Reputation: 5234
The python data frame I currently have contains two columns: "EVENT" and "NAME".
EVENT NAME
A DEN
B HAU
C TOT
D ABC
E DEN
I want to implement logic so that my EVENT column is as follows:
EVENT
A_DEN
B
C
D
E_DEN
I want to implement logic that says if "NAME" column contains DEN value then concatenate it to the value in "EVENT" column.

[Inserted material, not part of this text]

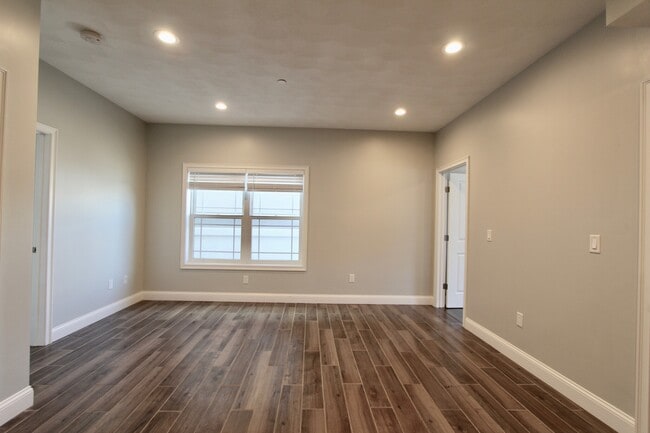 Building Photo - 9 Dehon St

Otherwise, leave value as is in "EVENT" column.
I have scoured the internet on how to do this but wasn't able to find anything specific to what I'm trying to accomplish.
Upvotes: 2
Views: 5393
Reputation: 403278
Option 1
You could do this with str.contains
/eq
to perform the "contains" check, and np.where
to conditionally build your result -
df.EVENT = np.where(df.NAME.str.contains('DEN'), df.EVENT + '_' + df.NAME, df.EVENT)
Or,
df.EVENT = np.where(df.NAME.eq('DEN'), df.EVENT + '_' + df.NAME, df.EVENT)
df
EVENT NAME
0 A_DEN DEN
1 B HAU
2 C TOT
3 D ABC
4 E_DEN DEN
Don't forget to import numpy as np
.
Option 2
Another method is using pd.Series.mask
/pd.Series.where
-
df.EVENT = df.EVENT.mask(df.NAME.str.contains('DEN'), df.EVENT + '_' + df.NAME)
Or,
df.EVENT = df.EVENT.where(~df.NAME.str.contains('DEN'), df.EVENT + '_' + df.NAME)
df
EVENT NAME
0 A_DEN DEN
1 B HAU
2 C TOT
3 D ABC
4 E_DEN DEN
Option 3
Yet another option is using loc
based indexing with a mask -
m = df.NAME.str.contains('DEN')
df.loc[m, 'EVENT'] += ('_' + df.loc[m, 'NAME'])
df
EVENT NAME
0 A_DEN DEN
1 B HAU
2 C TOT
3 D ABC
4 E_DEN DEN
Upvotes: 11